## Working data
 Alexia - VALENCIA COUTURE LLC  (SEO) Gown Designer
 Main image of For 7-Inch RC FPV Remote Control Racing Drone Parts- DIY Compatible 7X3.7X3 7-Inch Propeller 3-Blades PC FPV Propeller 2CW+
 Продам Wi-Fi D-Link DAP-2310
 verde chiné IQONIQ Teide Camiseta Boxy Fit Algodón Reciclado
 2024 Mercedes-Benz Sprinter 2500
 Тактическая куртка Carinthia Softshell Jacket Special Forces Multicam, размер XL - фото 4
* * *
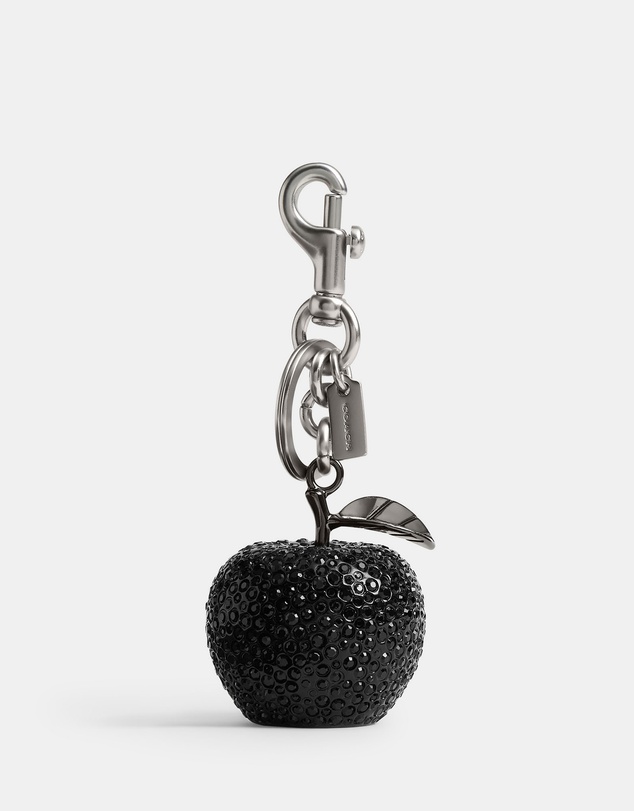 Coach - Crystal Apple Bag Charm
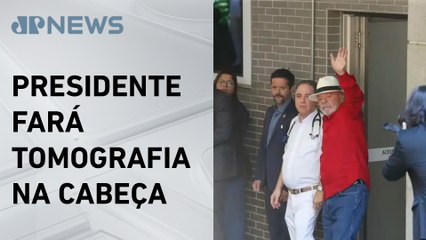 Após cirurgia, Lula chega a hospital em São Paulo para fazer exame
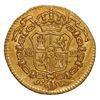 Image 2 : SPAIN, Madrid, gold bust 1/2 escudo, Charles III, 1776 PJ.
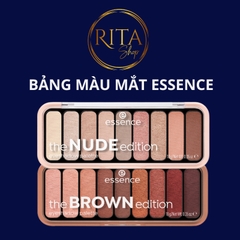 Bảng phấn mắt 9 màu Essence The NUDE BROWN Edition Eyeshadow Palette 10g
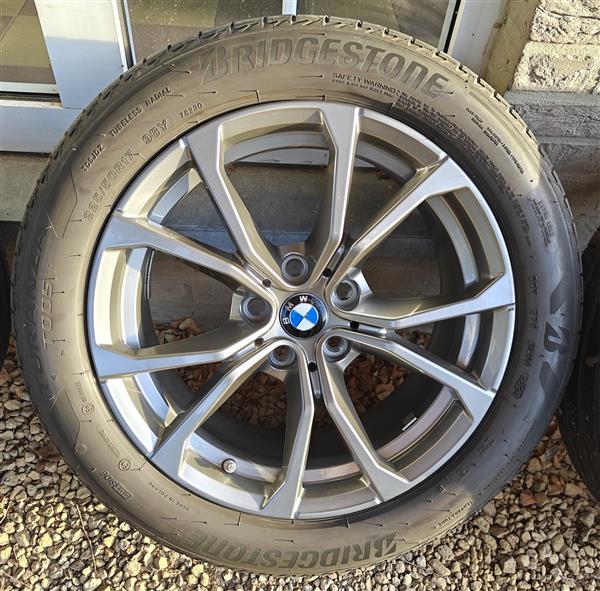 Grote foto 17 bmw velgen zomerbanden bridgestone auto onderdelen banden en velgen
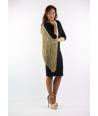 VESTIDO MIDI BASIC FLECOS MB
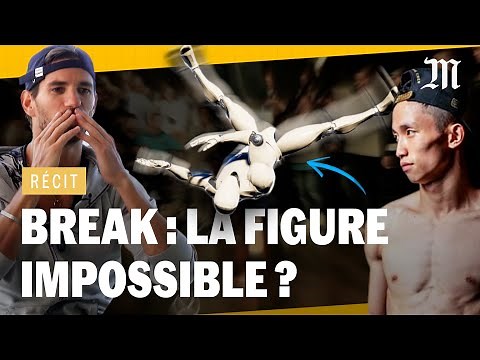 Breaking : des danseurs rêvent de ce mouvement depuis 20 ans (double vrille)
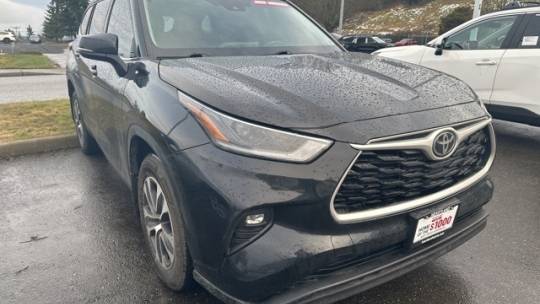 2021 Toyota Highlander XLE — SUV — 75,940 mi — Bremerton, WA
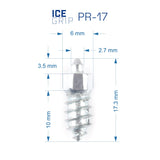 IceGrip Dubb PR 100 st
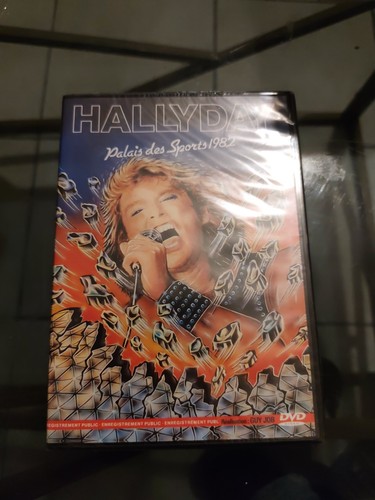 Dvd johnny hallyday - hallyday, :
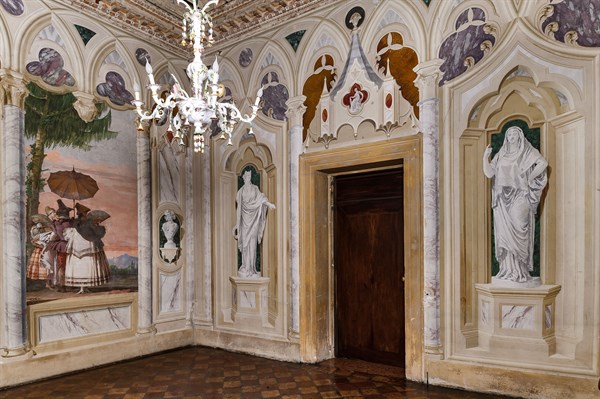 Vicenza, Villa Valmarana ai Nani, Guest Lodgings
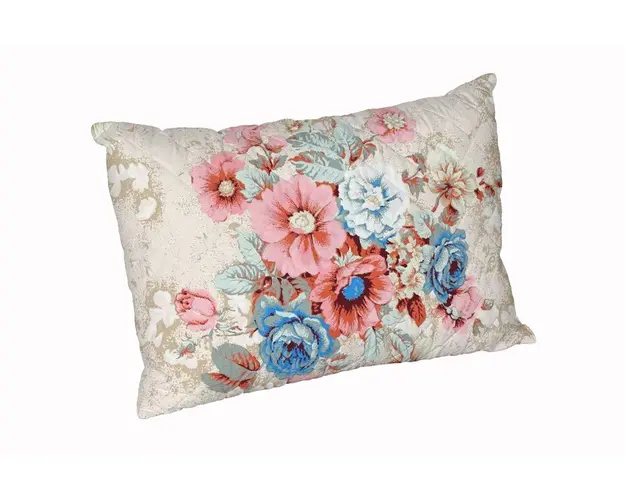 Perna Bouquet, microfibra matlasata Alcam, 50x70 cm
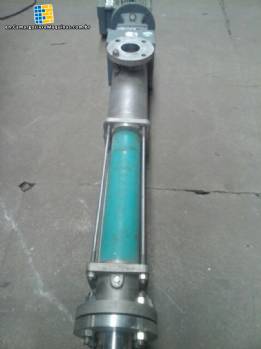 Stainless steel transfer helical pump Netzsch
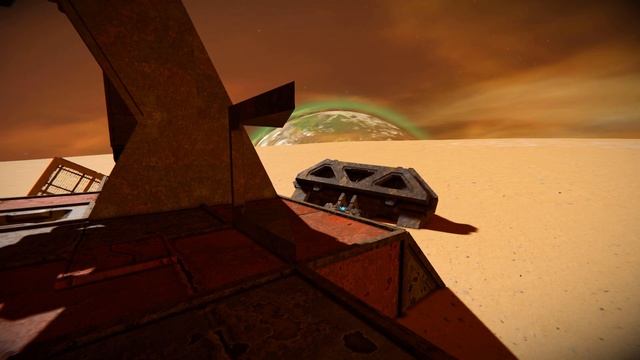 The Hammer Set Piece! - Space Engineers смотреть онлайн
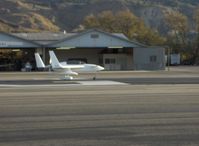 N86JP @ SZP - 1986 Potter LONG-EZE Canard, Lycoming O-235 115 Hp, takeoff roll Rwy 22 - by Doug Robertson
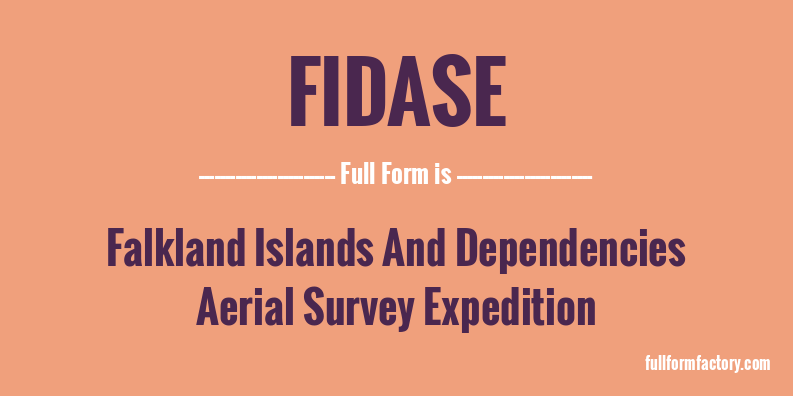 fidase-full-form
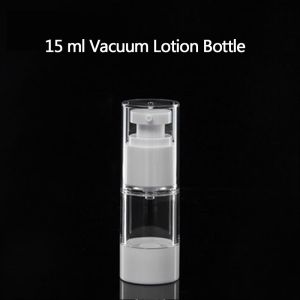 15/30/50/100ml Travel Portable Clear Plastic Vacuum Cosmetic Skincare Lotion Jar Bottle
==
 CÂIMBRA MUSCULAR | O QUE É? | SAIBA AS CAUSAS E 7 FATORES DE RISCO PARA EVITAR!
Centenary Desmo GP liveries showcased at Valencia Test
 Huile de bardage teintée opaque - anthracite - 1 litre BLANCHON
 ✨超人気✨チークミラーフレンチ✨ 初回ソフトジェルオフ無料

## Task prompt
Reproduce exactly the entries above, limited to the lines from the one with "verde chiné IQONIQ" through the one with "Тактическая куртка Carinthia", both included.

## Response to this exercise
 verde chiné IQONIQ Teide Camiseta Boxy Fit Algodón Reciclado
 2024 Mercedes-Benz Sprinter 2500
 Тактическая куртка Carinthia Softshell Jacket Special Forces Multicam, размер XL - фото 4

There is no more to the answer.